Well it was only a matter of time really. Though I swore I would never discuss politics on my blog because it always divides opinion, gets heated, and well, earlier this year I lost friends over politics so I am not prepared to open myself up to that again.
This week though George Osborne said something that made me rage more than any other, and with one fell swoop he has pretty much killed the industry I have known for 12 years with his decisions surrounding buy to let landlords. He seems to think that buy to let landlords are cash rich fat cats who have nothing better to do with their money than buy a second, third, hundredth house in order for somebody else to live in. Ergo (ooh look at me using ergo in a blog post. My English teacher would be thrilled. Well she would if she liked me. We locked her in the stationery cupboard once so she probably still hates me) they have enough money that to slap more taxes on them won’t matter.
Well Mr Osborne it does matter.
It matters alot.
The majority of buy to let landlords are not multi millionaires, they are hard working people who are trying to make a living. Albeit by owning property. They might be “rich” on paper, but that does not mean they are rich in relative terms. This portfolio is likely to be their pension. Tied up and needing to earn it’s keep in order for them to have a rental income when they retire, or assets to sell to fund their care home bills.

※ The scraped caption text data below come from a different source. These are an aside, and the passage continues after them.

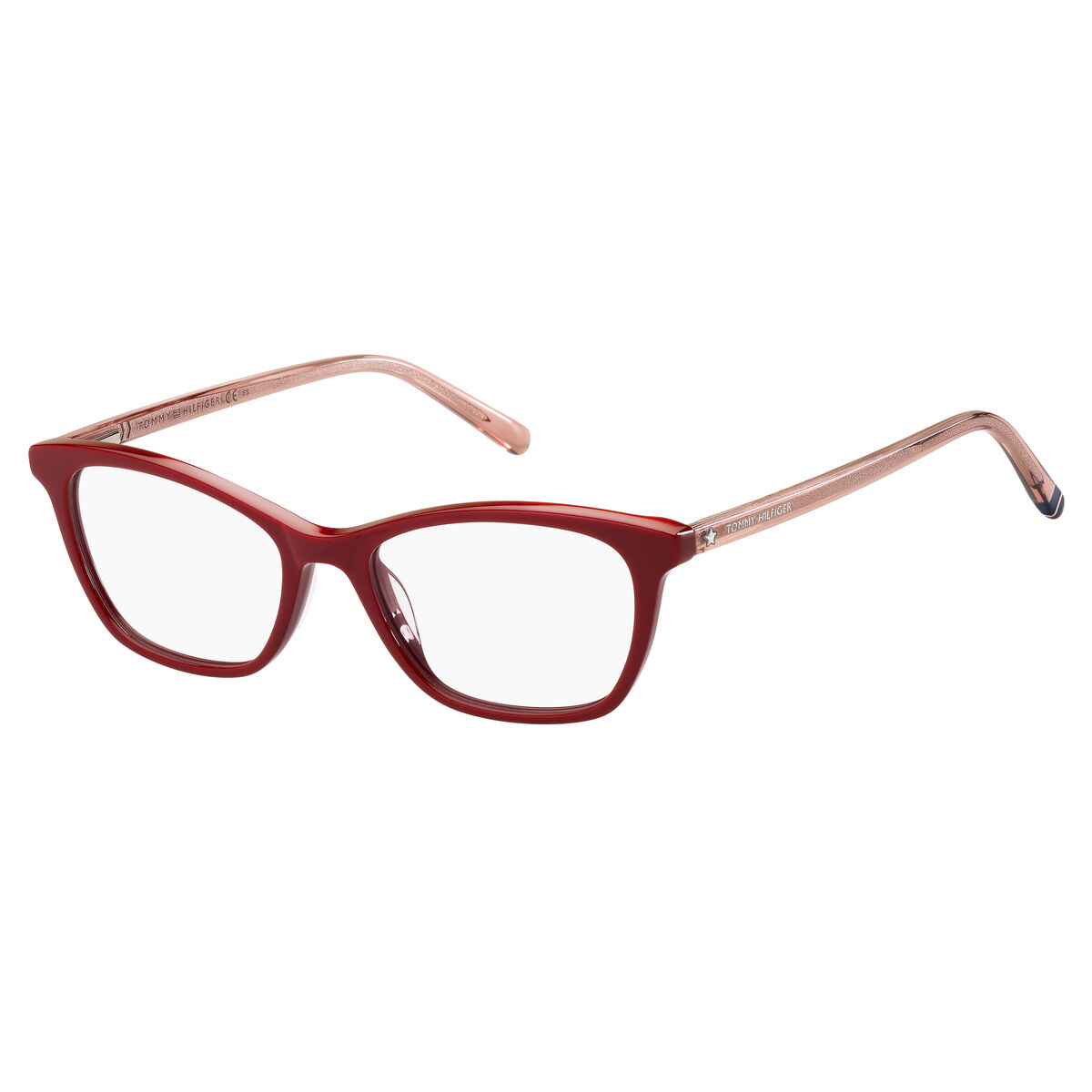 Ladies’ Spectacle frame Tommy Hilfiger TH-1750-C19 Ø 52 mm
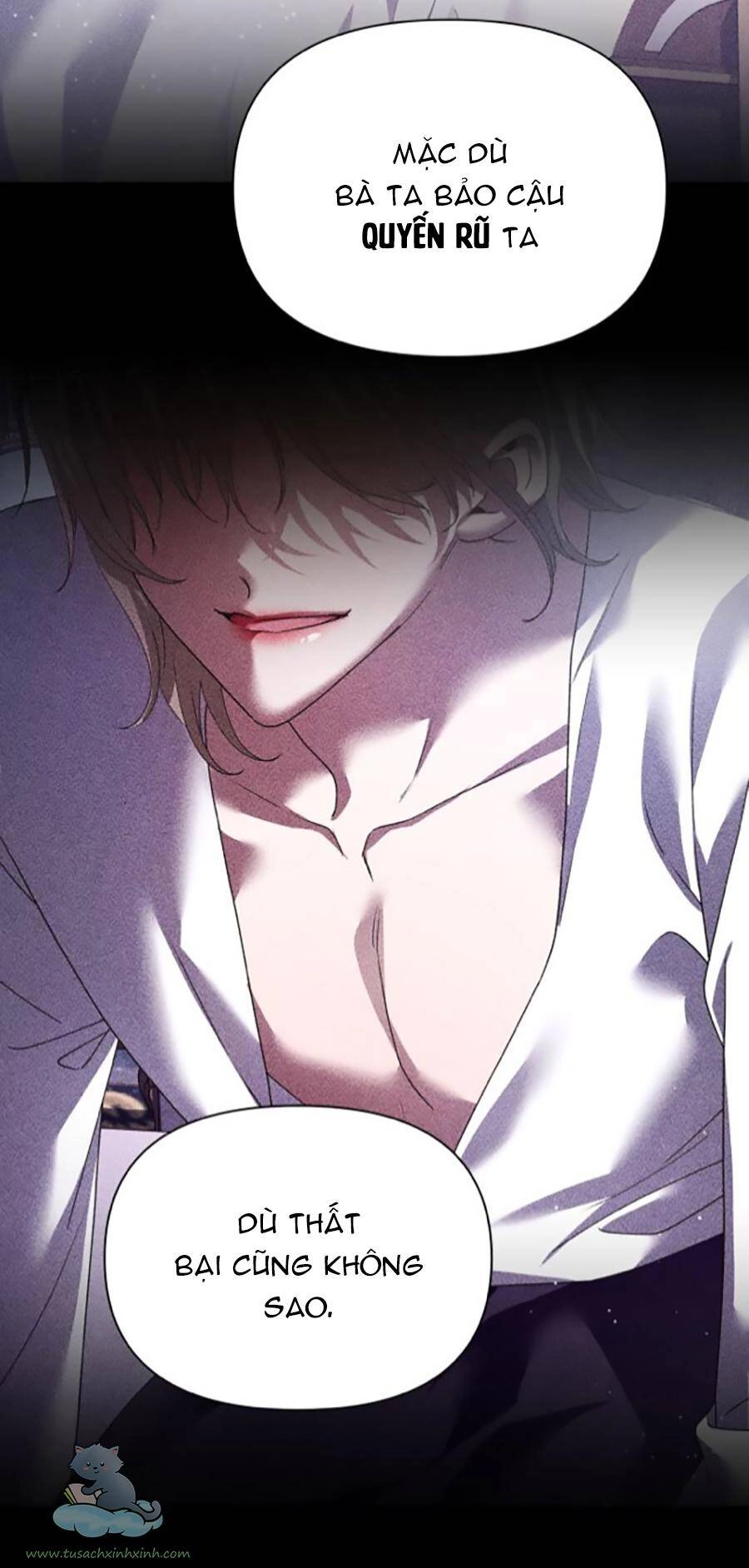 Tôi Muốn Trở Thành Cô Ấy Chỉ Một Ngày Chapter 118 - 94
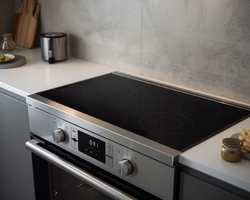 RAF 3500W Infrared Electric Stove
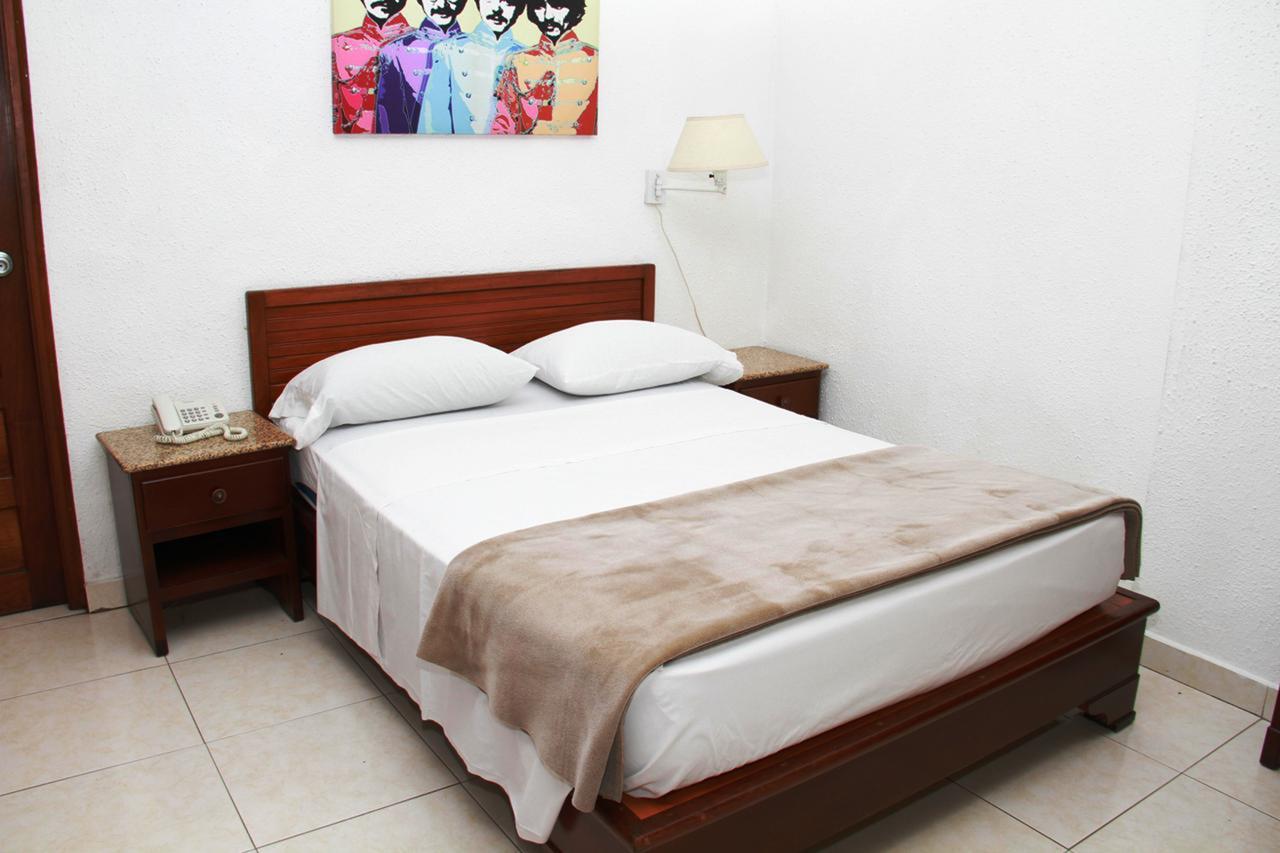 Hotel California Panama Luaran gambar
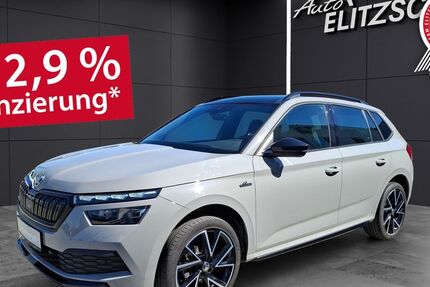 Skoda Kamiq 81.000 km 19.650 &euro; Kamenz 01917
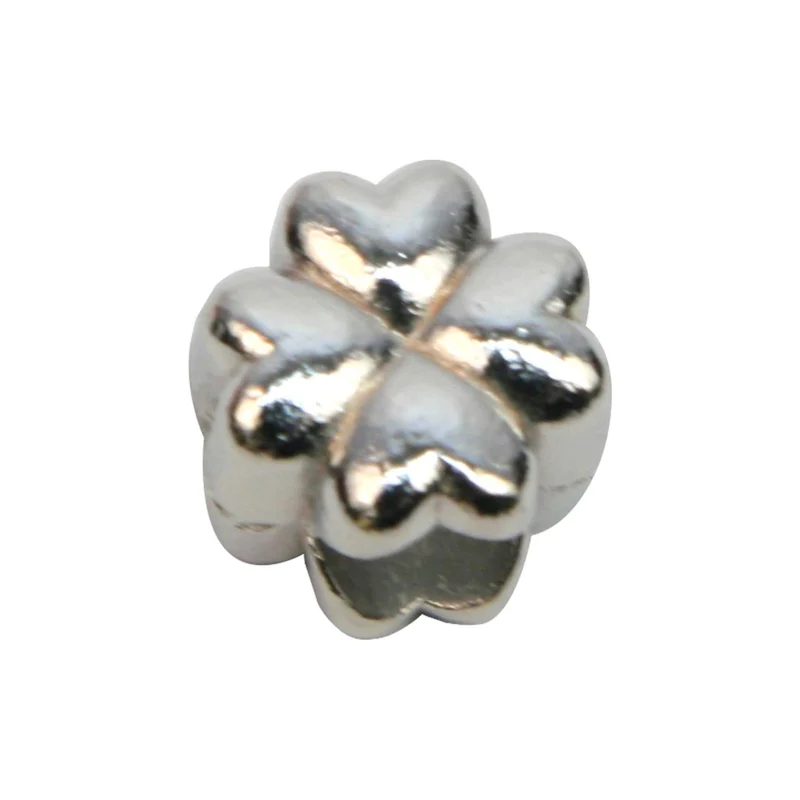 Art.3342 Cuenta Hoyo Grande Flor 9mm 6pz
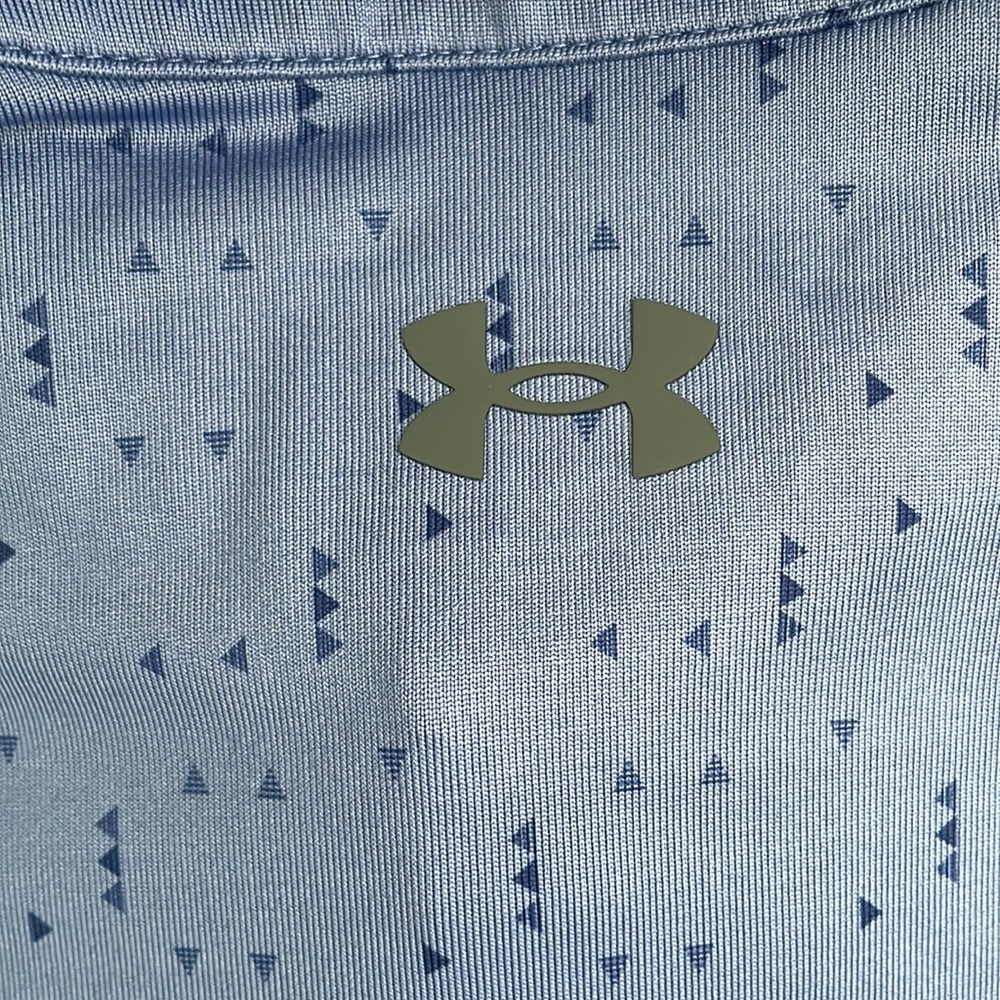 Men’s Under Armour Golf Polo - Picture 7 of 7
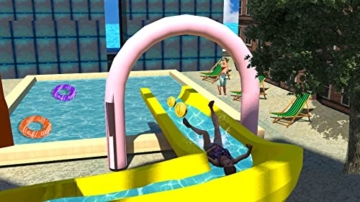 Water Slide Rush Adventure : Fun Park - 6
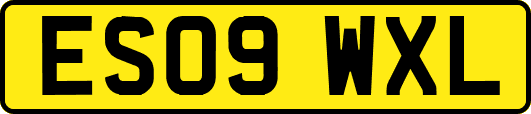 ES09WXL
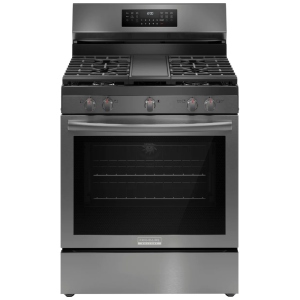 Frigidaire GCRG3060BD videos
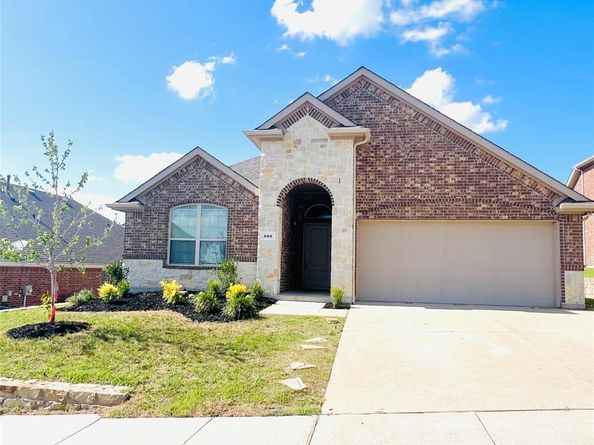 569 W Kara Drive , Fate Texas 75087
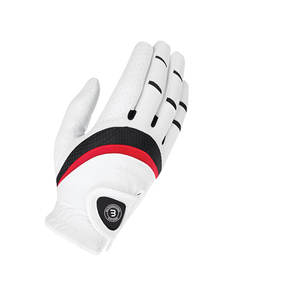 Guantes de Golf de Diseño Cómodo, Ideales para Entrenamiento Deportivo al Aire Libre y Juego de Golf Casual - Product Image 4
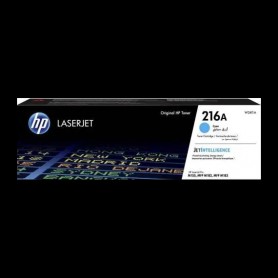 Toner HP CARTUCCIA TONER CIANO ORIGINALE LASERJET 216A W2411A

Take for instance the house that my eldest daughter and her boyfriend live in. It is their landlord’s second home, rented out as they had to move away from the area. That rent now pays them a steady monthly income. Taxed of course. As was the income used to buy the house they moved into in the south of England. The rent Caity and Dan pay is almost double what they would pay if they owned the house and had a mortgage, but they cant save enough for a deposit to buy, and we can’t afford to help them out. They have good jobs and work hard but they have to rent.
Thank God for somebody being in a position to have a second home to rent out.
Landlords are not going to buy these homes anymore, or if they have to move as this landlord has done the stamp duty they have to pay could be ten fold so they won’t bother. What does that then mean? Landlords will sell. They won’t hang on to their houses and rent them out to hard working individuals like my daughter and her boyfriend. So where do they live?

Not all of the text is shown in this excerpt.